Making risk management a habit is important, since it helps traders to regulate their behavior in the stressful trading environment. Money management involves studying the market, keeping a journal with records regarding deals and their outcomes, utilizing instruments such as Take Profit and Stop Loss, preferring more secure trading methods over more risky ones and many other details.
Learn to accept loss and draw conclusions
Self-discipline shouldn’t end with the end of a deal. Being able to control emotions means being able to not just take losses calmly, but also make sense of them. Analyzing deals and understanding what went wrong is key to improving your trading approach.

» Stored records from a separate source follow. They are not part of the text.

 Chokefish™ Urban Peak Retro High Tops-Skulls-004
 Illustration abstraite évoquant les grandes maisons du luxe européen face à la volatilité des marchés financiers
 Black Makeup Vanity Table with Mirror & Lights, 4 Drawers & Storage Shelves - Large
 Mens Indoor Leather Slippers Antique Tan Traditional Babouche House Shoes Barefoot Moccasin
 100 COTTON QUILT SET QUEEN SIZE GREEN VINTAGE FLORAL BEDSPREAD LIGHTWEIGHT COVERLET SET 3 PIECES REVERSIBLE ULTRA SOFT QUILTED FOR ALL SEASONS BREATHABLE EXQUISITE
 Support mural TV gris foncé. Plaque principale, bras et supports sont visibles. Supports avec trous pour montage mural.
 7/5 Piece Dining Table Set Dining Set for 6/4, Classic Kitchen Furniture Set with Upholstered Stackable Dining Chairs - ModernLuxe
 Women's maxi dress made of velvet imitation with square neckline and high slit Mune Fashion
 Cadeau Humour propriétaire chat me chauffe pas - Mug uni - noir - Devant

The emotional side of a loss can be tough to cope with, but if you change your focus from the result to the learning process (see first paragraph), it may allow you to understand your mistakes and do better next time, instead of dwelling on the loss. Accepting that losing is part of the process might be easier with time, especially if the trader utilizes a practice balance to check their theories.
So what is the secret to self-discipline?
The solution to emotional trading and lack of discipline is action. Instead of overthinking, try to physically change the way you trade: get a paper journal and start writing down your trading plan, map out your approach, write down the money management strategies you will be applying, write down your losses and the possible solutions. Make yourself consciously aware of these things, putting them right in front of you.
While trading will always remain risky and somewhat unpredictable, taking your trading experience in your own hands and making the most out of planning will help you manage it in a much more mindful way.